Die Rückkehr des Raumes: Die Corona-Krise als Ausgangspunkt für die Neujustierung humangeographischer Fragestellungen?
Abstract
Man sagt sich: in der Not ist die Hoffnung am größten. Und erst in der Ferne bemerke man, wie wichtig Heimat werden kann. Was solche Wahrheiten jenseits ihrer poetischen Qualitäten eint, ist die dialektische Denkfigur, daß erst der Verlust einen Mangel erzeugt, von dem man nicht wußte, daß er einen strukturiert (Lacan). Dieses Bemerken macht ihn quasi sichtbar als das Fehlen einer vormals als selbstverständlich aufgefaßten Struktur. So passiert es auch mit dem Raum bzw. dem Räumlichen jener Tage , dessen Abwesenheit und diskursive Abschreibung in der Disziplin Humangeographie niemanden spürbar bewegt hat, bis er nun tatsächlich ‚weg’ war: als der Bruch / rupture (Zizek) in der Anwesenheiten der Anderen, wie ihn die Corona-Krise in bisher nicht gekanntem Ausmaß erzwungen hat. Es wurde quasi als krisenhafte Erfahrung bewußt, wie sehr unsere vermeintlich digitale Wissensgesellschaft in ihren basalen Strukturen nicht symbol- oder zeichenhaft, sondern materiell und leiblich und damit räumlich funktioniert. Offengelegt wurde damit auch das Verdrängte der Geographie, nämlich der Raum als materielle Größe, mit dem zu rechnen ist.

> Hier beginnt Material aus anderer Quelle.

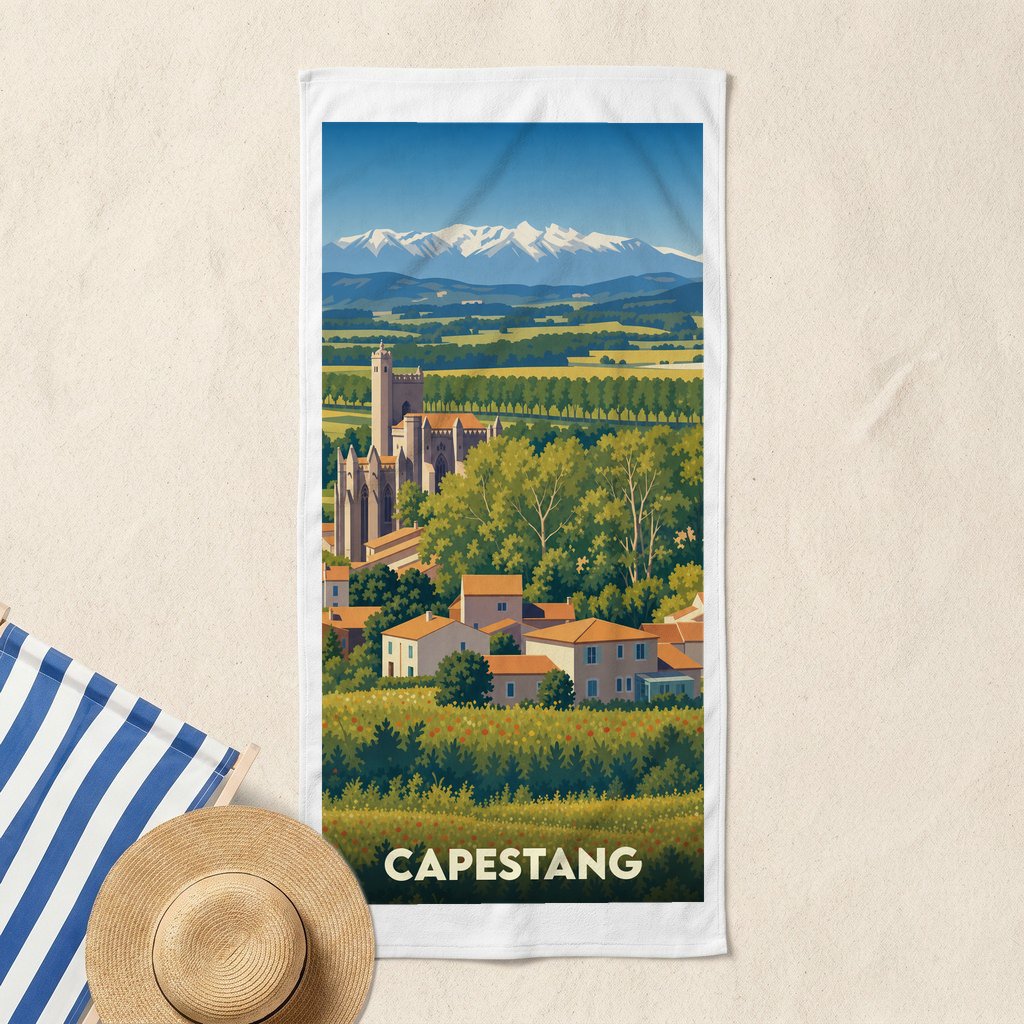 Serviette de bain souvenir de la ville de Capestang avec une illustration stylisée de paysages occitans.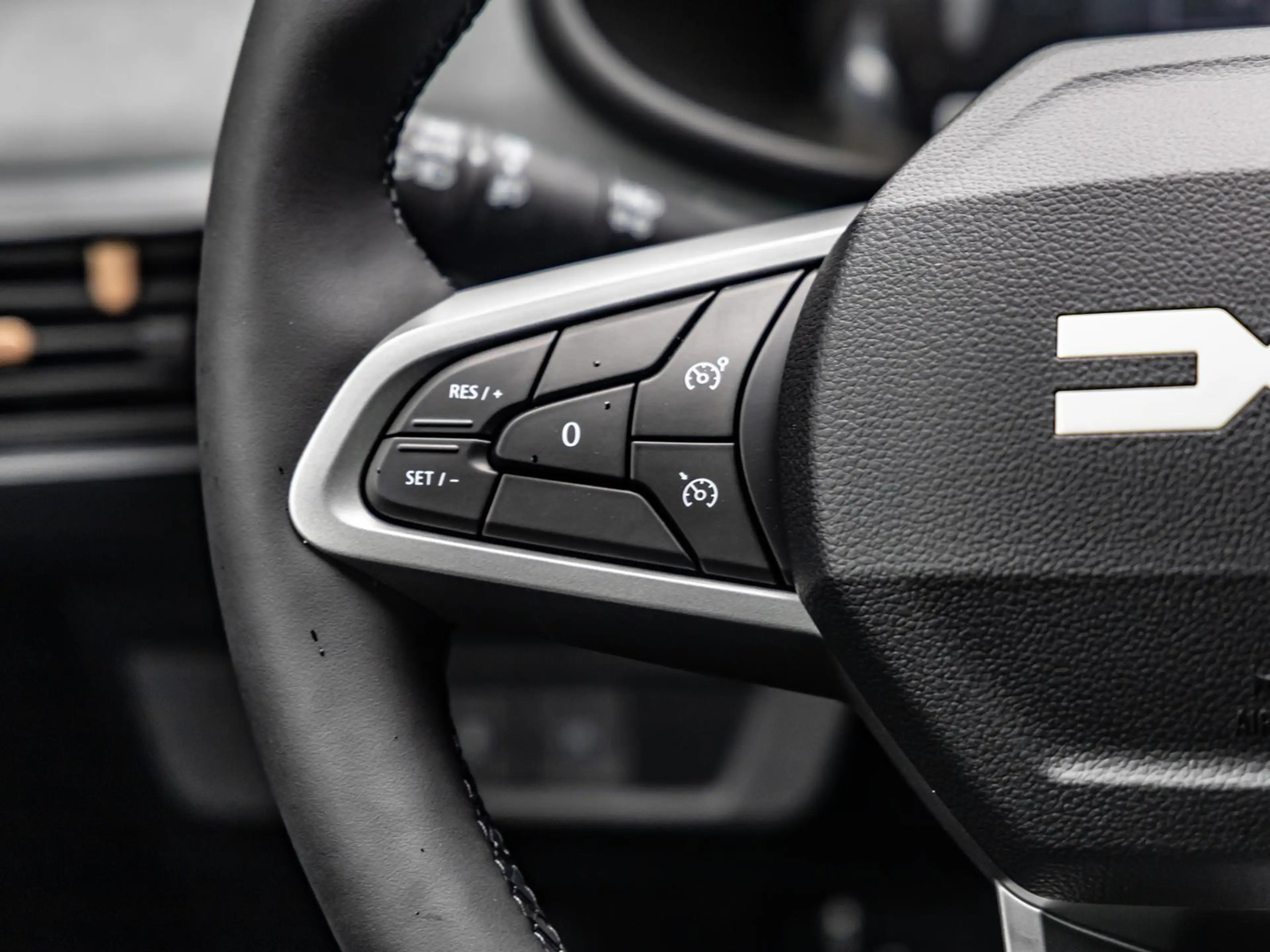 Dacia Sandero Stepway Extreme Eco-G 120 SD LHZ SHZ PDC — photo 10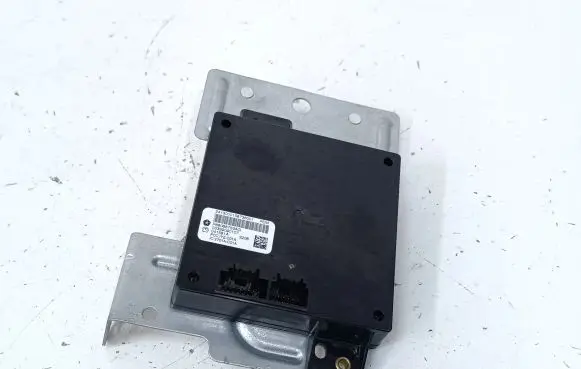 Chrysler Town u0026 Country V Keyless (KESSY) go control unit/module P68068753AG 68068753AG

Wurde er seit zwei Dezennien im Zuge eines reichlich verspätet eingetroffenen linguistic turn diskursiviert, versprachlicht und symbolisiert, so zeigt(e) die Krise der Abwesenheit des leiblich spürbaren Mitmenschen, der Bewegungseinschränkung, der sozialen Kontrolle, daß kaum eine der Thesen postmoderner Provenienz Bestand hat: als Verlust wird nicht die verlorene Signifikation des Anderen, nicht seine fehlende Anrufung noch seine diskursive unterbliebene Zuschreibung erfahren, sondern die räumliche Abwesenheit anderer, der Verlust leiblich spürbarer Du-Erfahrungen, die Kasernierung des Körpers in den Wohnungen, und damit die verlorene Ko-Präsenz als sozialräumliche Keimzelle jeglicher Sozialität. Nur mit einer Hinwendung zu den soziophysischen Grundlagen der räumlichen Erfahrung, zu der der (soziale) Andere wie auch die materielle Umwelt gehört, ließe sich diese Dimension für das Fach wiederentdecken. Der Beitrag diskutiert vor diesem Problemhorizont die Möglichkeiten phänomenologischer, anthropologischer und subjektorientierter Forschung dazu.